3. It's not about abortion.
Gosnell is a film about what can happen when an incompetent doctor is allowed to operate without limits or oversight. It's also about government corruption and neglect. We learn that Gosnell's house of horrors was not inspected for nearly 20 years because a former governor of Pennsylvania told the Health Department to stop inspecting abortion clinics. During that time, two women died from botched abortions, other women had their internal organs damaged, and countless babies were deliberately killed. Even when complaints were made, no one investigated or held Gosnell accountable.
In the end, this film is really about an investigation into Gosnell, his crimes and subsequent trial. I'm not saying that this movie won't make you think about abortions and how they are performed, because it will and it should. Abortion is currently legal in this country. In fact, the United States has some of the most liberal abortion laws in the entire world. But that's part of the reason a case like Gosnell's happened.

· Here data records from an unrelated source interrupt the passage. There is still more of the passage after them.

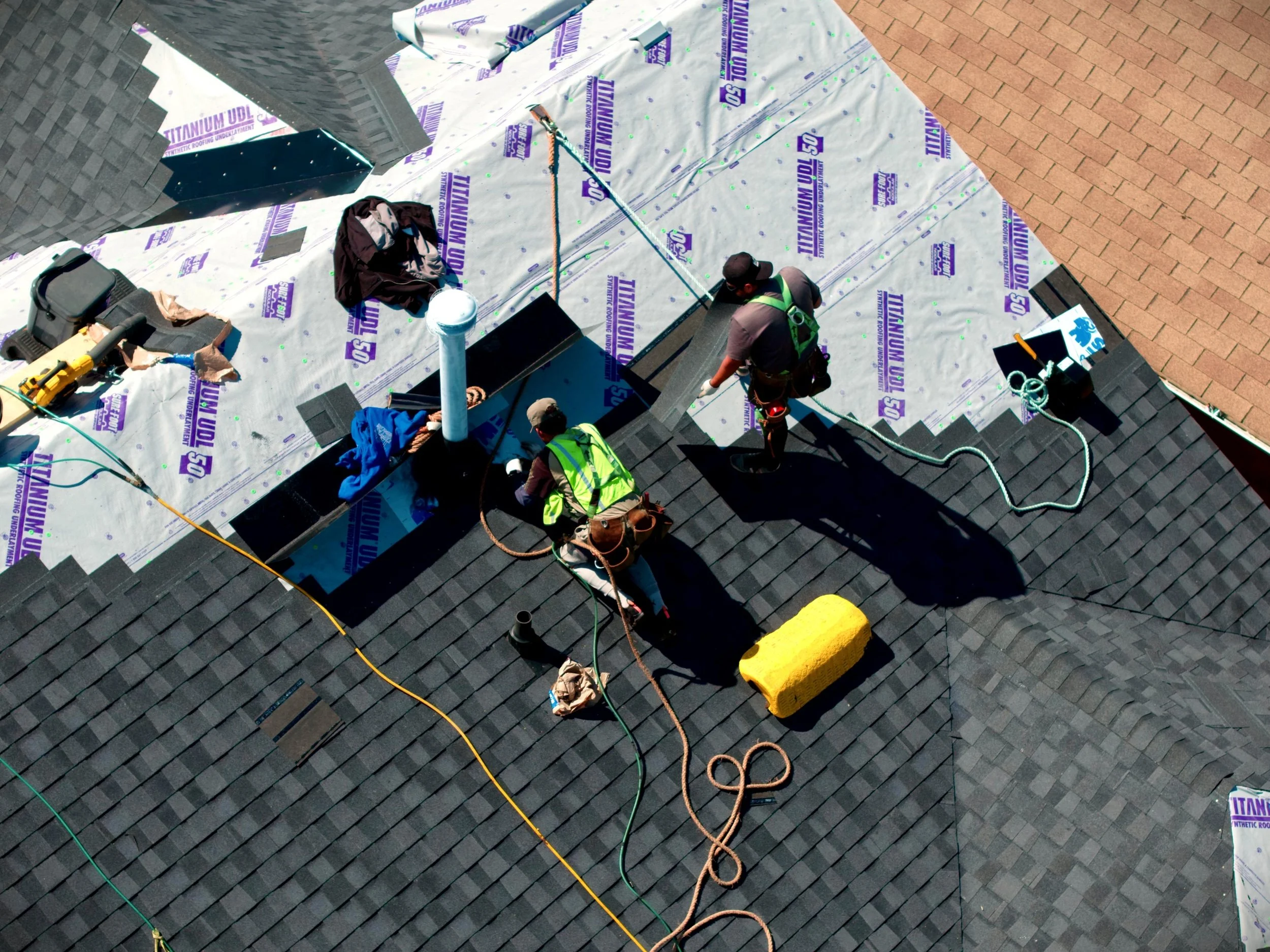 Workers installing shingle roofing on a house, using underlayment labeled 'Titanium UDL 50'. They are working on the roof with tools, hoses, and safety gear, with part of the roof covered in black shingles and part in brick-paved area.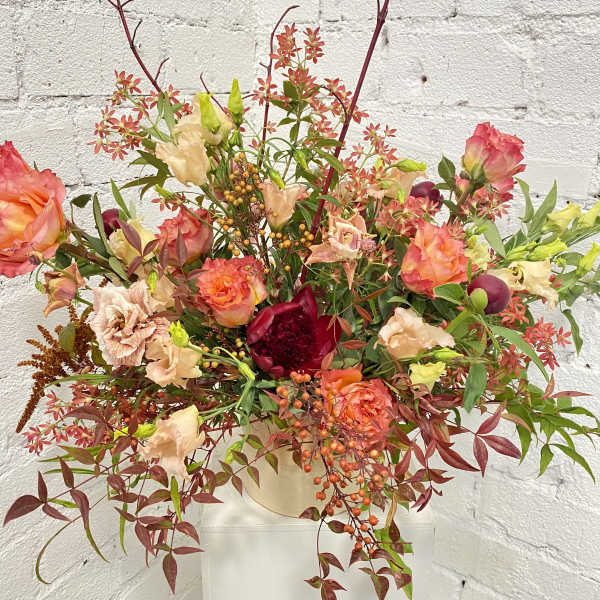 Large mixed floral arrangement in a cream vase with coral and peach blooms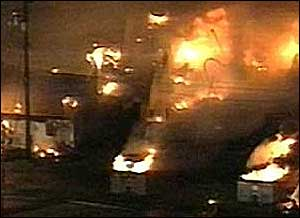 Columns of flames shot high into the air and smoke covered the sky.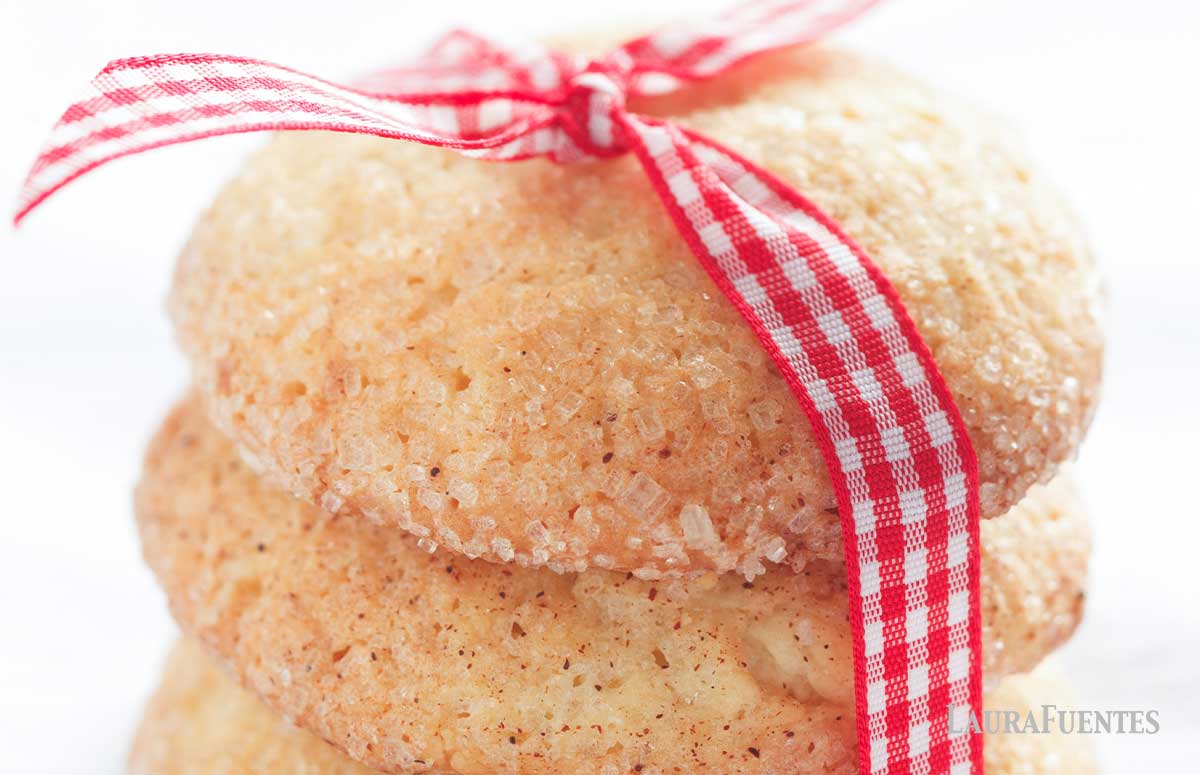 closeup of stack of cookies with a red bow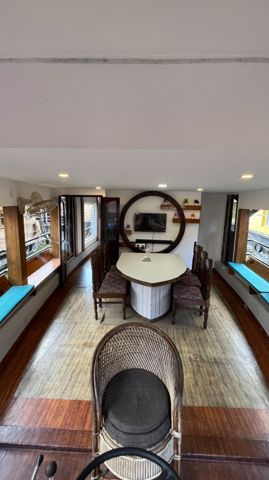 A cabin with a carved wooden ceiling, a round backlit headboard and a window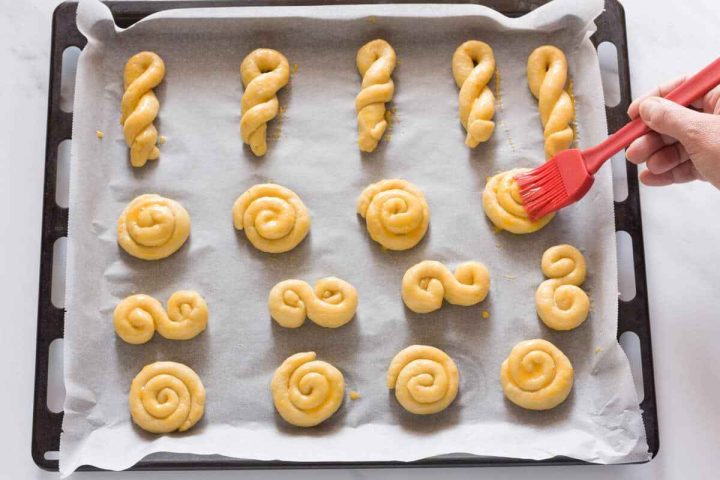Traditional koulourakia cookie shapes brushed with egg wash before baking.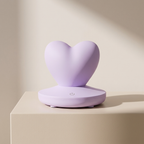 Heart-shaped purple device on a beige surface with a neutral background
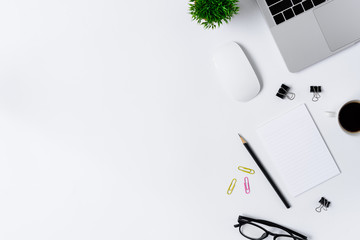 The office desk flat lay view with laptop, mouse, tree, pink and yellow paper clip, coffee cup, notebook, pencil, black glasses on white background.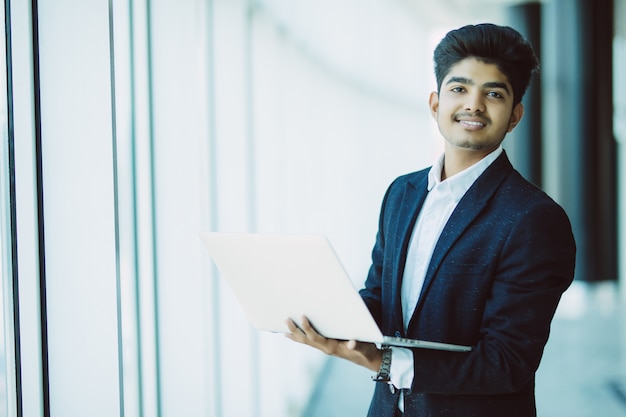 Joven empresario con computadora portátil trabajando en la oficina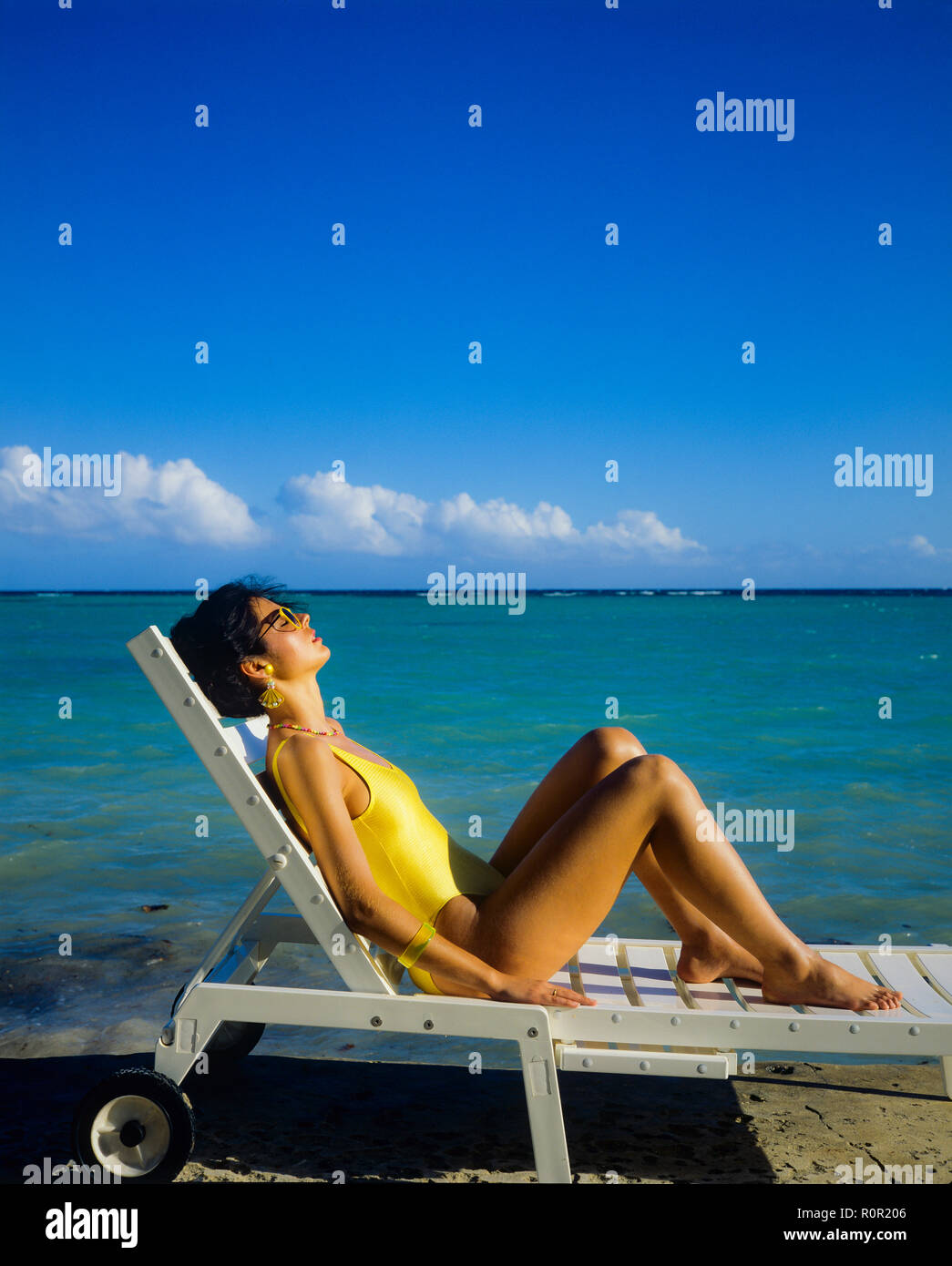 Junge Frau mit gelben Badeanzug Sonnenbaden und Relaxen im Liegestuhl, tropischen Strand, Karibik, Guadeloupe, Französisch Westindien, Stockfoto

4. It will make you think.
Abortion is an abstract concept for most people. What this film has done exceptionally well is make the human cost of abortion real. At the center of this film is Baby Boy A. He was born at 32 weeks' gestation before he died at the hands of Kermit Gosnell. He was so big that one of the staff members took a picture of him, which you can still find online in the grand jury report.
Late‐term abortions are legal in this country and are usually completed by injecting the heart of a developing preborn baby with poison. Although we treat what happened to Baby Boy A differently than a regular late‐term abortion, are they really all that different? Or merely a matter of geography?
Abortion is a topic that so many people feel strongly about, both pro‐abortion and pro‐life. A film like Gosnellis incredibly important because it raises the ethical questions that we need to ask ourselves as a society.
Abortion may be legal, but what's the human cost?